TASK DESCRIPTION
Give again every line from the one with "Episode 0282 -- Pictured: Musician" through the last line of the data, exactly, and leave out the lines before it.

DATA EXTRACT
====

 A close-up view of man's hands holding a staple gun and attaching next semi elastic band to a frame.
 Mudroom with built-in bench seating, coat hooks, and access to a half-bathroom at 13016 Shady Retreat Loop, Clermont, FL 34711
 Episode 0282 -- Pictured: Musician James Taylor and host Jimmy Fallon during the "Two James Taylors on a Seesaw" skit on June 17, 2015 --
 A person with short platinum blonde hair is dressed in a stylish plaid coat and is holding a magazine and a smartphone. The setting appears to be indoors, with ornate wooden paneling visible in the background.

====

WRITTEN RESPONSE
 Episode 0282 -- Pictured: Musician James Taylor and host Jimmy Fallon during the "Two James Taylors on a Seesaw" skit on June 17, 2015 --
 A person with short platinum blonde hair is dressed in a stylish plaid coat and is holding a magazine and a smartphone. The setting appears to be indoors, with ornate wooden paneling visible in the background.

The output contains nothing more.